The study is not available to the public, but according to VITO, the plant would combine a gassing installation with a chemical synthesis plant for ammonia and urea, which will be linked in a closed system without either a chimney or exhaust--meaning without any emissions. A VITO analyst, Ivo Vanderreydt, said the environmental impact study showed that "the ERS concept for waste management scores better than classical waste burning and electricity production." But there are two problems with this conclusion. First, the chemical composition of plastic contains more carbon than that of urea and ammonia combined, so even if there is no chimney, a significant amount of carbon will be left over from the process. The second problem is the destination of the urea and ammonia themselves.

The Questions

Urea is used as an artificial fertilizer, and, according to the chemicals industry trade site, chemicals-technology.com, the urea produced by the plant would be transported out of the port by 35 ships every year. The green ammonia, meanwhile, would be fed into the port's chemical cluster with pipelines, eliminating the need to transport the chemicals. But the ultimate impact of the plant's products remains unclear. When asked, the Port of Antwerp did not comment on the chemicals' final destination.

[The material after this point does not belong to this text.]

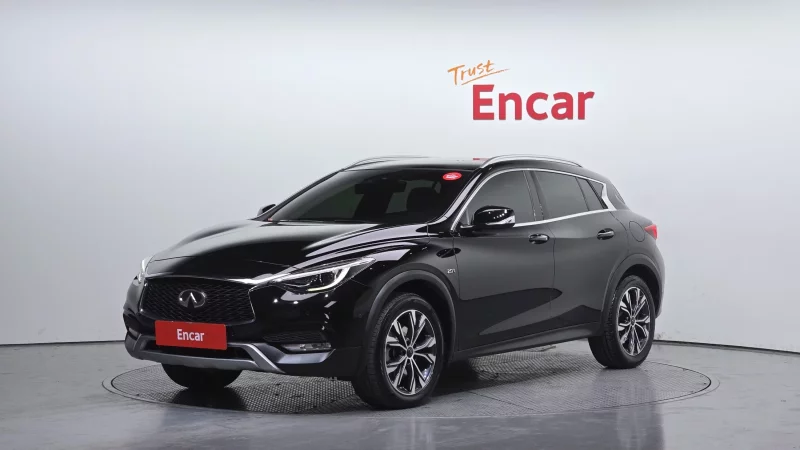 Infiniti QX30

A recent study by Bond Beter Leefmilieu (BBL), an umbrella group of Belgium's environmental organizations, sheds more light on the plant and raises more questions about how it will function in reality. According to study in the project's second phase, the plant would be processing three times more waste than initially announced.

ERS has called the Antwerp plant "the first of its kind," and while innovative technology is crucial in the recycling sector, the plant's unprecedented size brings great uncertainty. According to BBL, worldwide, there is no incinerator or gasification plant that processes 3.5 million tons of waste per year, which makes it extremely difficult to assess its impact and feasibility.

Similar waste gasification plants have been built in the past, the most notable of these constructed by Swiss company Thermoselect. According to a 2013 study by the American Chemistry Council, however, these facilities have been far less cost-efficient than promised. "Several have been closed due to economic pressures [specifically] the price of energy and high costs of operation] and pressures from the environmental community in Europe," the report noted. Two of those facilities, built in Germany and Italy in the 1990s, are now closed.

Asked to comment on the Bond Beter Leefmilieu study, the Port of Antwerp declined to comment on the size of the plant and said the negotiations with ERS will continue. In a statement, the port said, "The public debate will be held once the full picture is available. The matter concerns an enormous investment with a lot of stakeholders. Submitting a clear project is more important than timing."

The plant's construction will begin in a couple of years, but whether the project will be as "green" as initially announced remains to be seen.